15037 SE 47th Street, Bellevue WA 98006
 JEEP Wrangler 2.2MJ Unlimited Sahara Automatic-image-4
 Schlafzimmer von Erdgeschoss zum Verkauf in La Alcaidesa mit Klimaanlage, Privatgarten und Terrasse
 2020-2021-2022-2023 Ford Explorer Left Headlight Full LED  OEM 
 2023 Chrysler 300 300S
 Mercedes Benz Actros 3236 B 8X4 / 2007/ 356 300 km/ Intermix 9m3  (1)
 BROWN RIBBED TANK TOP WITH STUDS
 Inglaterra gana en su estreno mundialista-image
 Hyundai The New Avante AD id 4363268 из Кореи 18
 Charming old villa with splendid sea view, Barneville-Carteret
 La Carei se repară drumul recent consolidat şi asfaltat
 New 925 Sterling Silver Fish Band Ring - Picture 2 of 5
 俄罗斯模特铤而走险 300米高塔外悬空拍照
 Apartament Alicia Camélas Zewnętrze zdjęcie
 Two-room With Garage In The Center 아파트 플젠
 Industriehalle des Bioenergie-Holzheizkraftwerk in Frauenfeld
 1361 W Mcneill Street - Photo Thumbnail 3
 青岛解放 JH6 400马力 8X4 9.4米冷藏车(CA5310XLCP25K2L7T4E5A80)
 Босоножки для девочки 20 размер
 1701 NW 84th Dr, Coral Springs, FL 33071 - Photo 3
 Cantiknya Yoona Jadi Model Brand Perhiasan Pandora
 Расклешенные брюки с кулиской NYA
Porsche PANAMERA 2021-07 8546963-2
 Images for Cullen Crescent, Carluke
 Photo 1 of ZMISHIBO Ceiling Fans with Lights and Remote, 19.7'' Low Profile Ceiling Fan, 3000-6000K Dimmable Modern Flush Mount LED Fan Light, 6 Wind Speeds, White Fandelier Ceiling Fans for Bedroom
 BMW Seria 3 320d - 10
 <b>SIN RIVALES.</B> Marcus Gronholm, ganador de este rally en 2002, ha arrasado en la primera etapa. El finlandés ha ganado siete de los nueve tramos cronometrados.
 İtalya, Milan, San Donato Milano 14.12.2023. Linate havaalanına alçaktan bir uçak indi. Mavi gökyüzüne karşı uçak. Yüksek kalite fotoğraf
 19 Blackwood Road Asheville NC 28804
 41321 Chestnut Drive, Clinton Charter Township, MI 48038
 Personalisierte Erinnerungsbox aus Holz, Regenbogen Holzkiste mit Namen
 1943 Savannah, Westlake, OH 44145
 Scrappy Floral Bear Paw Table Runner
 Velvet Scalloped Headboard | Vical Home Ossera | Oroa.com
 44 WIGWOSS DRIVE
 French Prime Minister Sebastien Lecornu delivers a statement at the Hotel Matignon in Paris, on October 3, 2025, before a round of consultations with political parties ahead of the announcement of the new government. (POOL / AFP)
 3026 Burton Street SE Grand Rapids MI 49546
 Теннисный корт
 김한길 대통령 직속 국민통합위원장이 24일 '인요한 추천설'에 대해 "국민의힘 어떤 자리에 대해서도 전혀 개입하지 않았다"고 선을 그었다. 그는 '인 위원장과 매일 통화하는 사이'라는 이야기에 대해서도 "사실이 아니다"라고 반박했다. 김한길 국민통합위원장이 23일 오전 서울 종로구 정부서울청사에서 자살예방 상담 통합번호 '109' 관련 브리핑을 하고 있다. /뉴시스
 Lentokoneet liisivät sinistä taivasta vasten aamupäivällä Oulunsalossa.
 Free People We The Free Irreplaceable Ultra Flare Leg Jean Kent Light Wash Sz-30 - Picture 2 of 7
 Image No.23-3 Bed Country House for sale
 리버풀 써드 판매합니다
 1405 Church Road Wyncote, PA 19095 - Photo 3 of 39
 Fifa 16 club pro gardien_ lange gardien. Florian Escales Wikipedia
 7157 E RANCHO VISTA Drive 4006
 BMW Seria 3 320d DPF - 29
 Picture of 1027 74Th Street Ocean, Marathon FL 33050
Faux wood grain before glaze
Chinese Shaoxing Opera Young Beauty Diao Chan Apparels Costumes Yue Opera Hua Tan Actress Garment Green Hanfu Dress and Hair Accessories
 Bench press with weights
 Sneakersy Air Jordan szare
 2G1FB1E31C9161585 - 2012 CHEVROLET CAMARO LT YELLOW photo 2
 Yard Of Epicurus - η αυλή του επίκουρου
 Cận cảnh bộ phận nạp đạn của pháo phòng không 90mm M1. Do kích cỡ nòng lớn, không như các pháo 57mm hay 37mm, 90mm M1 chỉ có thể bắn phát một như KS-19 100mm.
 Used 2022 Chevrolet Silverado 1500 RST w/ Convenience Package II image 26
━━━━━━━━
* **The problem**:
Only lines that include "Seria" belong in the answer; copy all of them from the listing.

* **Written answer**:
 BMW Seria 3 320d - 10
 BMW Seria 3 320d DPF - 29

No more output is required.